§ **How to complete this task**
Within the entries below, please return exactly the lines from the one with "Princess Chronicles Red" through the one with "Adding and Subtracting Decimals Worksheet", leaving out any pictures.

§ **Material for this task**
┌──

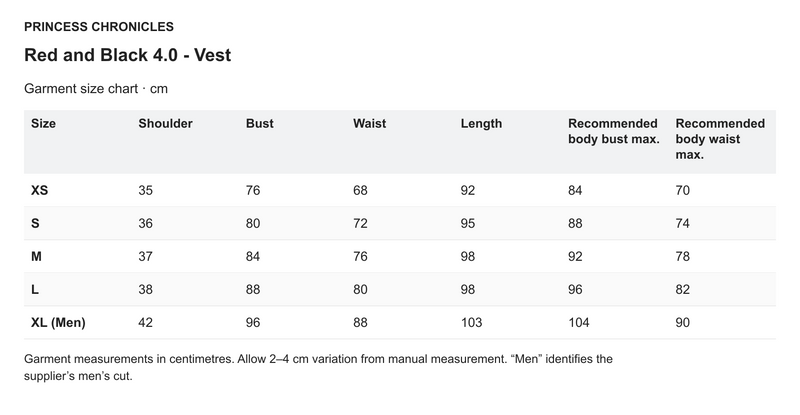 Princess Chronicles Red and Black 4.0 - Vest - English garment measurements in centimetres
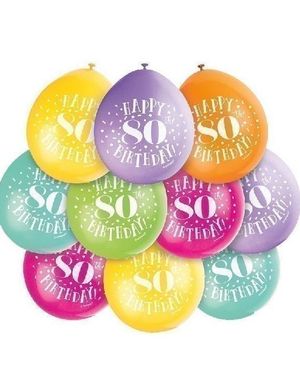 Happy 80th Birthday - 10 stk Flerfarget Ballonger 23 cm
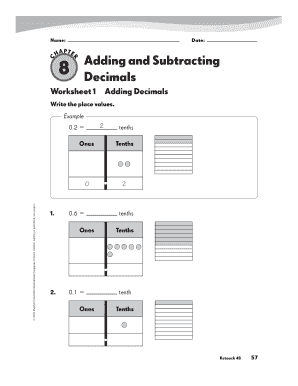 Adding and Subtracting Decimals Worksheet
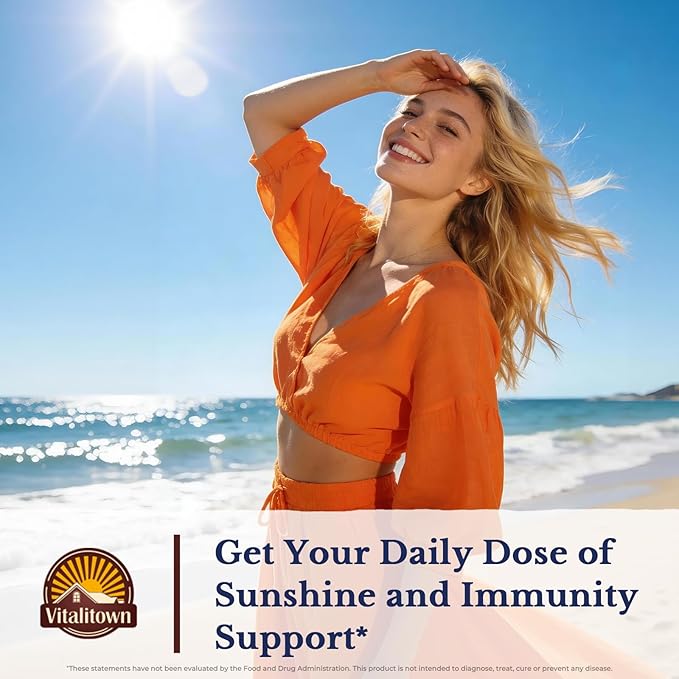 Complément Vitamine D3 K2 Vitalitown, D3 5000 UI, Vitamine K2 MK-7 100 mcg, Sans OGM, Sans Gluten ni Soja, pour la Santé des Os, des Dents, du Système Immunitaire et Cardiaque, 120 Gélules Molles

└──
┌──

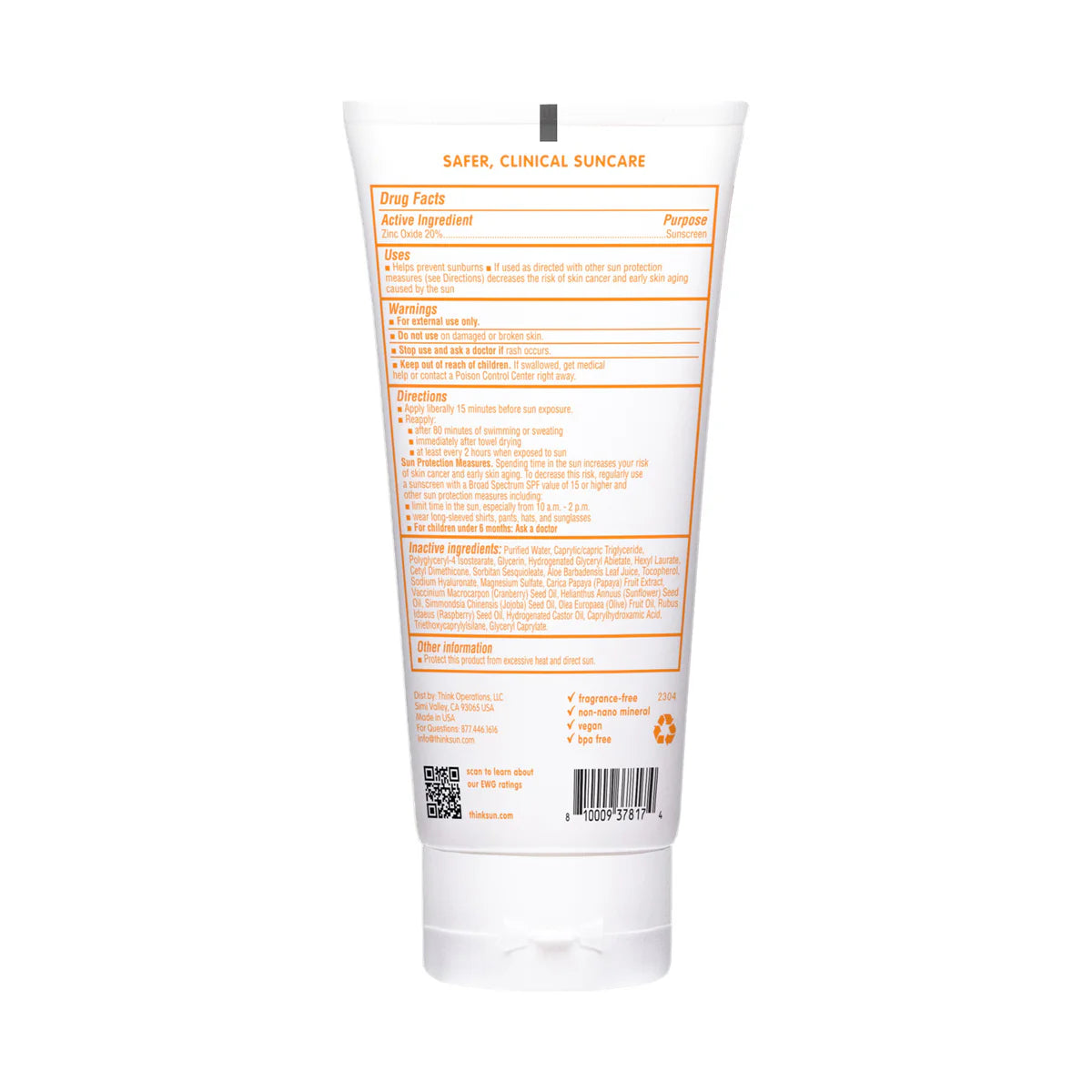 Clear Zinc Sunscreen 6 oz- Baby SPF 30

└──

§ **Exercise result**
 Princess Chronicles Red and Black 4.0 - Vest - English garment measurements in centimetres
 Happy 80th Birthday - 10 stk Flerfarget Ballonger 23 cm
 Adding and Subtracting Decimals Worksheet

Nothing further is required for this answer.